Good Friday AM from your hometown lender,
The jobs report is always the big data set for the month and most often, creates volatility.
Today report was no different. Markets were expecting jobs to be at 133k, it came in at 177k. Sounds like a big beat and it is but there were also downward revisions to prior months for 58k. All in all, for the folks thinking the economy was cratering, they were wrong (at last for now).
The unemployment rate held steady even with the higher jobs numbers so we must have had more people entering the workforce. The knee jerk reaction to the data has not been good. The 10-yr note has shot back up to 4.33% and seems to be settling here for now. I would think the 10-yr will settle back down but with the Fed meeting next Tuesday and Wednesday, I would not expect much improvement before we hear from Chairman Powell Wednesday AM.
This morning’s data created a big shift in the outlook of a Fed rate cut in June, which before this jobs report was about a 65% probability.
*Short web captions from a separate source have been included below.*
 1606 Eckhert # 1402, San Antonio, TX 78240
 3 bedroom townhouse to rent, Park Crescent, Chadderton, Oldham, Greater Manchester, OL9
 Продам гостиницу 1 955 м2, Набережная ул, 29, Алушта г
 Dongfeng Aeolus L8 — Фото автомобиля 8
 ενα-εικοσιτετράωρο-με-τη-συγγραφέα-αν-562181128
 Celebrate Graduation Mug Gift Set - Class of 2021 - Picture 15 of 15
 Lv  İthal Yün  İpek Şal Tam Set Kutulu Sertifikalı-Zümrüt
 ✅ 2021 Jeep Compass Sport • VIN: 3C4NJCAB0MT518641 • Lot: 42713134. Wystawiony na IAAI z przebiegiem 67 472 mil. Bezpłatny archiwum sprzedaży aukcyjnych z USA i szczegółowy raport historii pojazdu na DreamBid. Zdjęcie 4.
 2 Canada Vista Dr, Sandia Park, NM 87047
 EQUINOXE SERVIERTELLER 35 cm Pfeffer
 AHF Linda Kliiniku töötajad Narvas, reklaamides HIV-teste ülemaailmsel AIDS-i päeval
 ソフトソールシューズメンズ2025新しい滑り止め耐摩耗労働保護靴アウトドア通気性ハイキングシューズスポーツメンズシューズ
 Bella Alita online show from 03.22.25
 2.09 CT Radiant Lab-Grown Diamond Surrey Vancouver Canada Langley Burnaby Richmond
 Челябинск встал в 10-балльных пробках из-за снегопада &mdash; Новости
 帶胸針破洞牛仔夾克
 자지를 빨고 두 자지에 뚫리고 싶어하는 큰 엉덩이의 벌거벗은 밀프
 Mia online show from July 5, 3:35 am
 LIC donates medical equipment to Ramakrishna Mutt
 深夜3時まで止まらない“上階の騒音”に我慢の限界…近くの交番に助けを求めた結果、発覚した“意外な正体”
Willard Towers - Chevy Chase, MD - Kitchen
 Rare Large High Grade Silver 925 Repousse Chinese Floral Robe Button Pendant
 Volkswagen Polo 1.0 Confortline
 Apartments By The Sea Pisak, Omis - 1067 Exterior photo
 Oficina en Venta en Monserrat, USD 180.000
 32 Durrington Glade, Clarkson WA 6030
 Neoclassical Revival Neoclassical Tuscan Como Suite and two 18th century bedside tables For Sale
Markets have dropped the chances of a Fed cut in June all the way down to less than 40% now. As we are seeing this AM, changed expectations will pressure mortgage rates higher in the short term, and makes the takeaways after the Fed meeting and press conference next week even more important. If Fed Chair Jerome Powell gives markets the impression that the Fed is unlikely to give in to President Trump’s desires of seeing the Fed cut rates, we could see mortgage rates creep higher.